Somehow the tour ended, and our lives did not. Anyway, we were back above ground.

One of Seduction’s most memorable early gigs was at the Santa Monica Pier in the building with the famous merry-go-round (another was when Wildman Fisher sang “Merry-Go-Round” with us at a San Diego con appearance, but that’s another story). We were joined on some tunes by Shaun Cassidy, who was a nice guy and strong performer.

Prior to rehearsing in LA for the gig, Barb and I were invited by Miguel to stay at his mother’s house. His mother – Rosemary Clooney – would not be home; she, too, was gigging. We had the big house in Beverly Hills to ourselves, and we gingerly peeked into an expansive living room with a picture of Bing on the piano and the ghosts of Sinatra and how many others lingering among expensive furnishings that dated back decades. There was admittedly a Norma Desmond feel to the place. We’d been asked to answer the phone, and Barb did – taking a message from Rosie’s friend Linda Ronstadt.

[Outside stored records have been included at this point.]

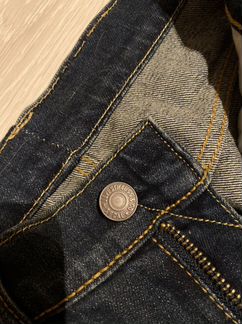 Levis 512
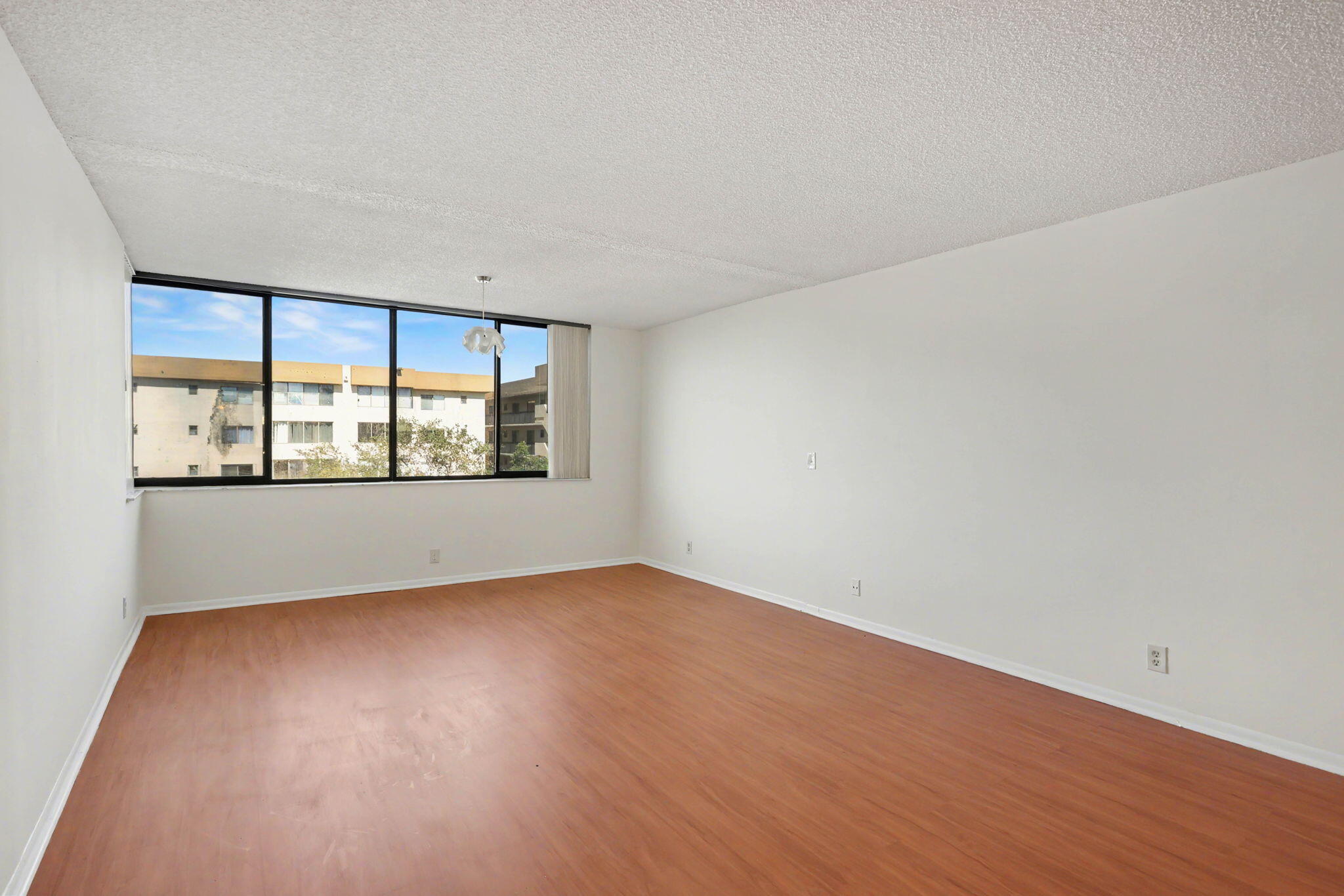 DORADO AT HAMPTONS WEST - Residential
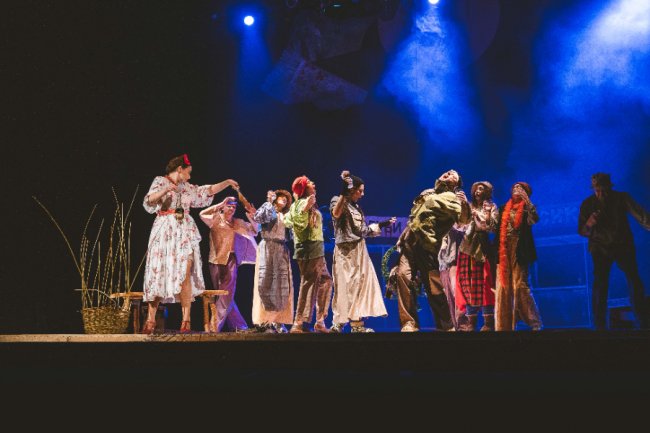 Волинський театр зібрав аншлаг у Львові. ВІДЕО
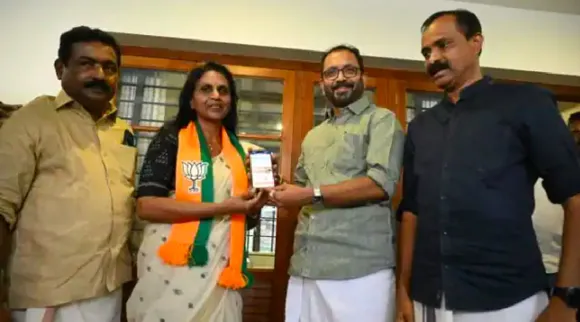 Keralas first woman IPS officer joins BJP who is R Sreelekha Tamil News 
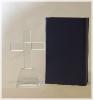Croix en verre transparent et sa boîte luxe en bleu Dimensions : 10X6cm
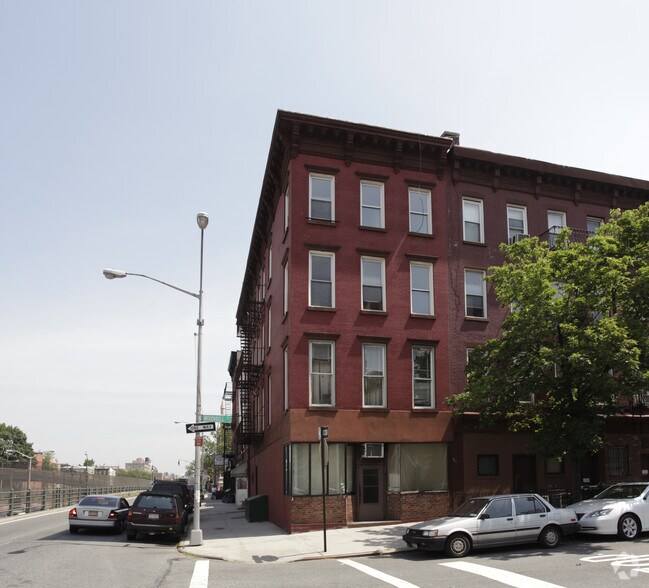 65 Woodhull St, Brooklyn, NY 11231 Retail for Sale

Before our stay ended, Rosemary came home and, with Miguel at her arm, gave us a tour, including the living room. Oh, yes, all those famous people had been here many times, sometimes singing around the piano. She was as sweet and down-to-earth as my own mom, giving us copies of her latest records. Later, she was at the stove making marinara sauce, and my Lord it smelled good. But Miguel and Barb and I were on our way to a comic-shop gig.

In late night hotel-room conversations, the topic of working together often came up. We each said to the other, “If at the end of our days, we haven’t done a film or movie together, we should kick ourselves.”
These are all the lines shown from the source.